## What is required
Nothing outside the range is to be copied. From the entries below, reproduce exactly the lines starting at the one with "MERCEDES-BENZ-GLB 220-2026" and ending at the one with "Familia Feliz Mar", without pictures.

## Available records
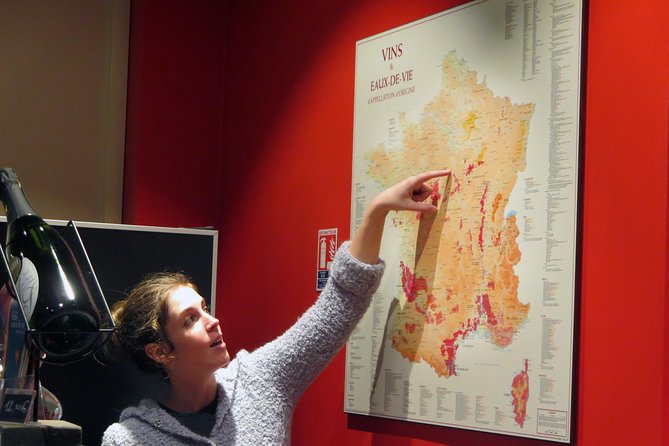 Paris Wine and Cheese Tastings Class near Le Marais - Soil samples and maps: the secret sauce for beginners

==

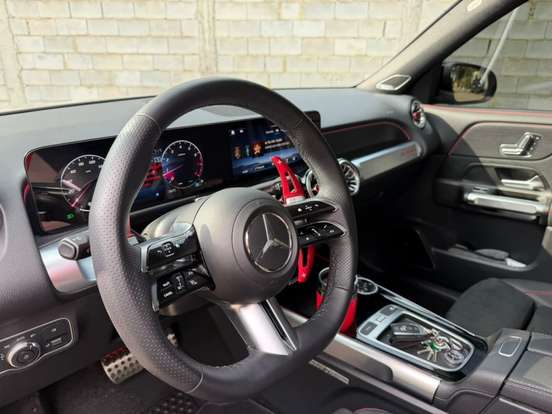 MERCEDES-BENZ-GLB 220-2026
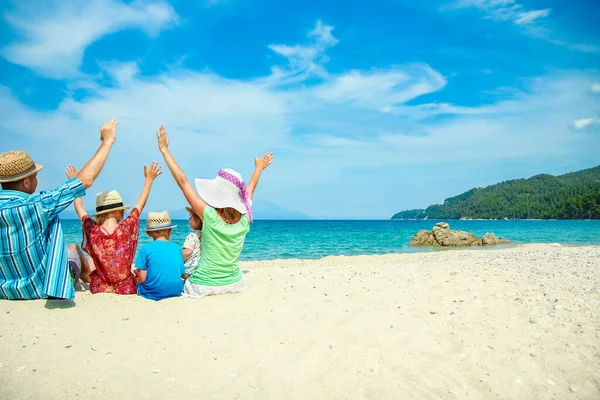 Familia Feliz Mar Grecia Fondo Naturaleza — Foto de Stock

...

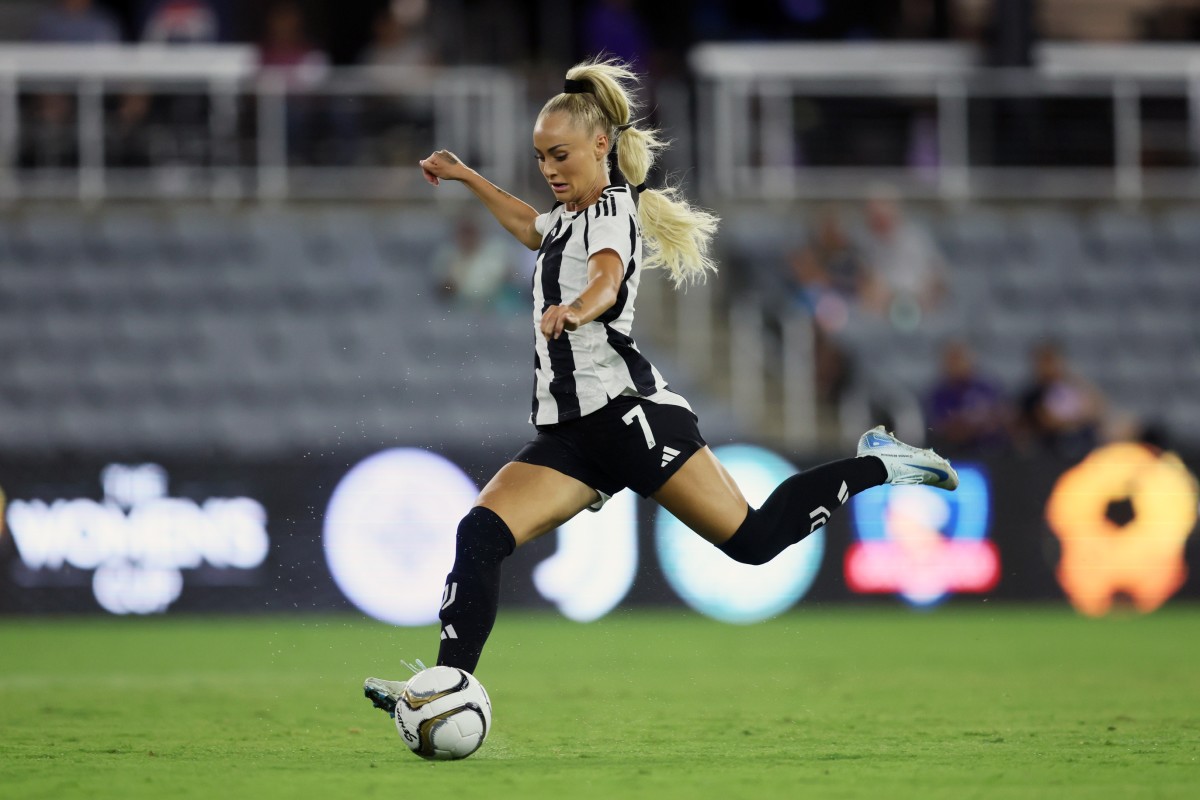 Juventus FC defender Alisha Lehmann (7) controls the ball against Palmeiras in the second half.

## The completed task
 MERCEDES-BENZ-GLB 220-2026
 Familia Feliz Mar Grecia Fondo Naturaleza — Foto de Stock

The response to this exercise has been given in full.